Stored records:

■ ■ ■ ■ ■ ■ ■

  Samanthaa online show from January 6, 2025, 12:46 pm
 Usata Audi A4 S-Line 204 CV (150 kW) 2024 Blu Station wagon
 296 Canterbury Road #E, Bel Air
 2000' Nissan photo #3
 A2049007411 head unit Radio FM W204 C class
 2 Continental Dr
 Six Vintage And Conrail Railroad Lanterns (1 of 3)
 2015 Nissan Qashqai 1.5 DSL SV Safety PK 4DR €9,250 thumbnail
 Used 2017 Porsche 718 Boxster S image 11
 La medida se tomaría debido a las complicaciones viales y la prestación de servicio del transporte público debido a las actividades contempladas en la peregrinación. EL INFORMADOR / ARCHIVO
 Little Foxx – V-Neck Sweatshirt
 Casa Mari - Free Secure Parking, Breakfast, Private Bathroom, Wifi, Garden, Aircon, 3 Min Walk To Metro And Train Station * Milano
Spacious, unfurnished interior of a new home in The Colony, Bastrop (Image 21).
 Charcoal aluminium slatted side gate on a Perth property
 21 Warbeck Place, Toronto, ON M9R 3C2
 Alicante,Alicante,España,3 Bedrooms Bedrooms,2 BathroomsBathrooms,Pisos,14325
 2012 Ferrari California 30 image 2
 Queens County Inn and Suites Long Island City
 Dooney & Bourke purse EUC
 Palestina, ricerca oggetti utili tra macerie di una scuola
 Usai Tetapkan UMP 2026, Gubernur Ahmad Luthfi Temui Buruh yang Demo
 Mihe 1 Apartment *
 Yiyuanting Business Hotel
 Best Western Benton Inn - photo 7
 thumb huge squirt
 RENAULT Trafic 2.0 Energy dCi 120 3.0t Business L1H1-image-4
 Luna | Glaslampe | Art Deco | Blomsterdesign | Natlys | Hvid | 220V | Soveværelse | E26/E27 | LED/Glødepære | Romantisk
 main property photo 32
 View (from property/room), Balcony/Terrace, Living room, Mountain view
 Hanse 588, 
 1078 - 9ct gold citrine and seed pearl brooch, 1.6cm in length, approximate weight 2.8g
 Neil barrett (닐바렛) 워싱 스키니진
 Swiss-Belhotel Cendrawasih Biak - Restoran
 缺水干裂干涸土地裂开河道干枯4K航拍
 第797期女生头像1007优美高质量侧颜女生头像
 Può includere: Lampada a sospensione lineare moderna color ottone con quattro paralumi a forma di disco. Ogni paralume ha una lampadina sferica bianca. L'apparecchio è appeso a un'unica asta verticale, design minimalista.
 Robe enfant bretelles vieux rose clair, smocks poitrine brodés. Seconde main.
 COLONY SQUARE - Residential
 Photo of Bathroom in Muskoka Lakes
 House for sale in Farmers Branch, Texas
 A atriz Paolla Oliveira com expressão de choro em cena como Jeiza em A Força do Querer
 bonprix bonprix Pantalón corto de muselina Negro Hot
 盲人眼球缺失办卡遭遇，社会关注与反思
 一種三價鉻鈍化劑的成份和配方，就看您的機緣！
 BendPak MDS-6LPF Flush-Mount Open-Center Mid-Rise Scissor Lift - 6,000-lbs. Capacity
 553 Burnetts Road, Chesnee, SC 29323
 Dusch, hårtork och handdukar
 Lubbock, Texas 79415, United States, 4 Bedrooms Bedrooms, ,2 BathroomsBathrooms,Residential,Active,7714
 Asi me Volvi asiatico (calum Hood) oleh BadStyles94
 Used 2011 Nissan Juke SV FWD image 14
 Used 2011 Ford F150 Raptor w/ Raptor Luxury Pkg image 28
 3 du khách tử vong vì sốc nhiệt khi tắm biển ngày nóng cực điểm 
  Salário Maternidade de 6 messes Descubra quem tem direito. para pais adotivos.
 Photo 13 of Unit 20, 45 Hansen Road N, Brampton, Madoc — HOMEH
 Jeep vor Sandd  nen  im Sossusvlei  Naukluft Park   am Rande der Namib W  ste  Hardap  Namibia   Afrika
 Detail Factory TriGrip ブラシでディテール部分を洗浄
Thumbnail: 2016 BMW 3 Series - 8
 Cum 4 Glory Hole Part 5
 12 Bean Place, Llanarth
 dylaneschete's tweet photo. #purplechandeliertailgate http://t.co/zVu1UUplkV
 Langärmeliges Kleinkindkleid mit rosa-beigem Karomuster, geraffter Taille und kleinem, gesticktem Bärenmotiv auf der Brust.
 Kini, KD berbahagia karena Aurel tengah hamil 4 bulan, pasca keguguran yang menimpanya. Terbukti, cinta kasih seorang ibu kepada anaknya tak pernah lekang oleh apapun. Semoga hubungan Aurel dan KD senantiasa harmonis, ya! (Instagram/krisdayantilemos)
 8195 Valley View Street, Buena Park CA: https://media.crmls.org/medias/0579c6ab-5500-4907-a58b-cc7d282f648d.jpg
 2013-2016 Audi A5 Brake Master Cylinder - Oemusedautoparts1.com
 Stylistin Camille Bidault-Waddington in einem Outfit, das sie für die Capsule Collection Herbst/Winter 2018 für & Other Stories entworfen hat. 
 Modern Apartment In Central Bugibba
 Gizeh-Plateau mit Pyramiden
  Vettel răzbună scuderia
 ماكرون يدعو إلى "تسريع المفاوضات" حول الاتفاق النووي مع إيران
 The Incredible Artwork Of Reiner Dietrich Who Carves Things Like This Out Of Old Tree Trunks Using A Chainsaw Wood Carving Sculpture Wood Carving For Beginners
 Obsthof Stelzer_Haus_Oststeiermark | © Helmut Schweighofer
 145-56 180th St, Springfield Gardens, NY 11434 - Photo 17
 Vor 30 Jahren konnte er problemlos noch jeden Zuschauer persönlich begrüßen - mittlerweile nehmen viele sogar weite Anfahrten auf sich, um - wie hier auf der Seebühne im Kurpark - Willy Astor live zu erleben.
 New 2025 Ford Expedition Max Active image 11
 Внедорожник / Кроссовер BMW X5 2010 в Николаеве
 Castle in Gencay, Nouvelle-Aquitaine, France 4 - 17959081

■ ■ ■ ■ ■ ■ ■

AIM OF THE TASK —
From the entries above, copy every line where the word "oleh" shows up.

WRITTEN REPLY —
 Asi me Volvi asiatico (calum Hood) oleh BadStyles94
 Kini, KD berbahagia karena Aurel tengah hamil 4 bulan, pasca keguguran yang menimpanya. Terbukti, cinta kasih seorang ibu kepada anaknya tak pernah lekang oleh apapun. Semoga hubungan Aurel dan KD senantiasa harmonis, ya! (Instagram/krisdayantilemos)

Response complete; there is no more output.